HOW TO COMPLETE THIS TASK:
Your answer should be the full data, transcribed exactly, with no pictures in it.

RECORDED INFORMATION:
┌──

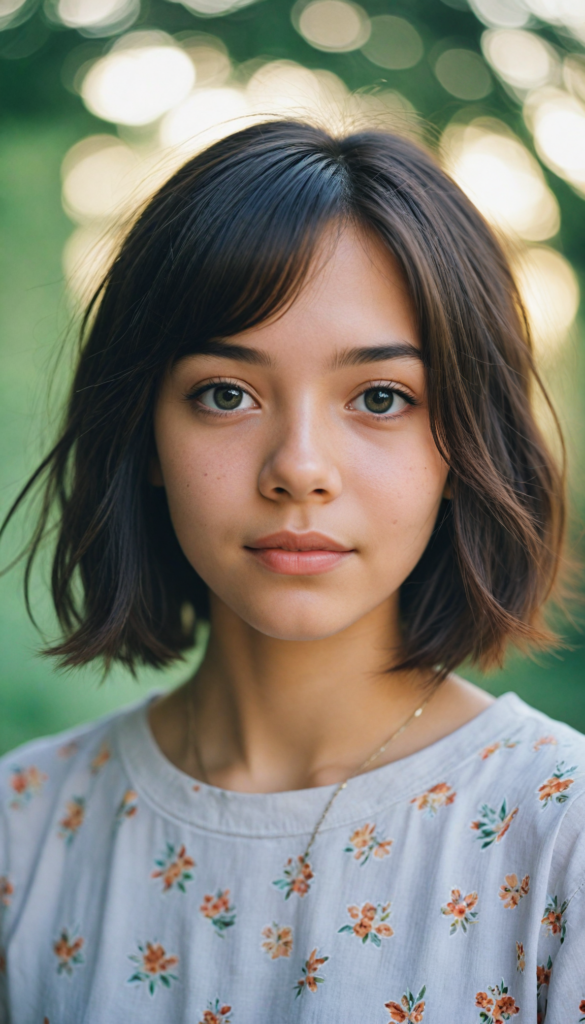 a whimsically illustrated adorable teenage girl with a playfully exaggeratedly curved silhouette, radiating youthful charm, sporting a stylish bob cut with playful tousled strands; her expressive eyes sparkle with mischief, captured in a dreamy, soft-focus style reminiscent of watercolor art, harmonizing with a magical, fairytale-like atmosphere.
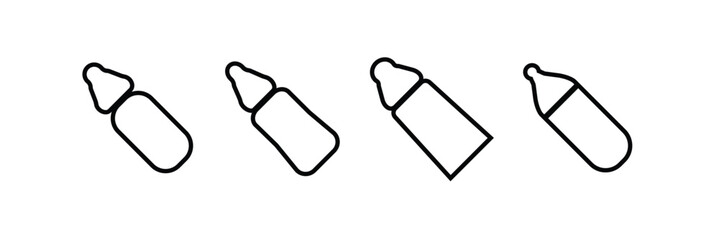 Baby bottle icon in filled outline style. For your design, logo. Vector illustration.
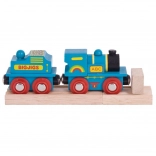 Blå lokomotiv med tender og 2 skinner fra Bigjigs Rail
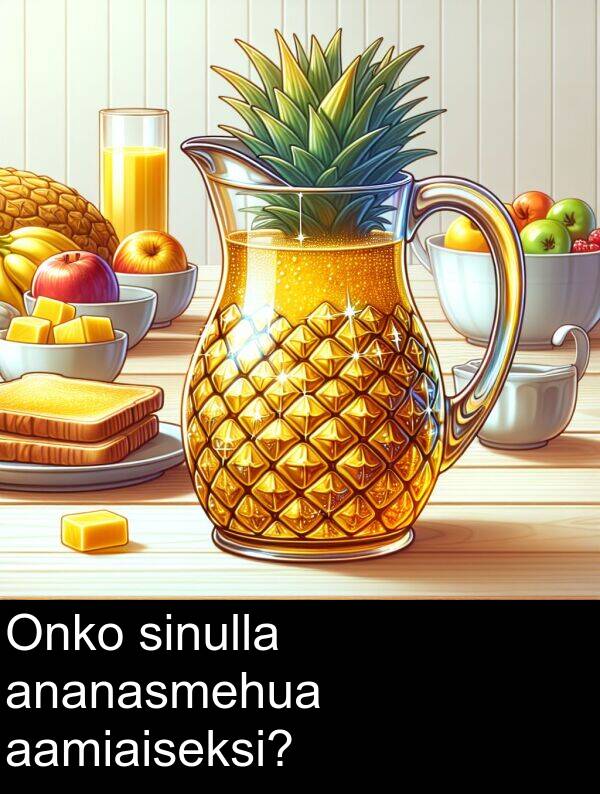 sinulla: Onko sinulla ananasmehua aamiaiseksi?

└──

ANSWER TO THIS TASK:
 a whimsically illustrated adorable teenage girl with a playfully exaggeratedly curved silhouette, radiating youthful charm, sporting a stylish bob cut with playful tousled strands; her expressive eyes sparkle with mischief, captured in a dreamy, soft-focus style reminiscent of watercolor art, harmonizing with a magical, fairytale-like atmosphere.
 Baby bottle icon in filled outline style. For your design, logo. Vector illustration.
 Blå lokomotiv med tender og 2 skinner fra Bigjigs Rail
 sinulla: Onko sinulla ananasmehua aamiaiseksi?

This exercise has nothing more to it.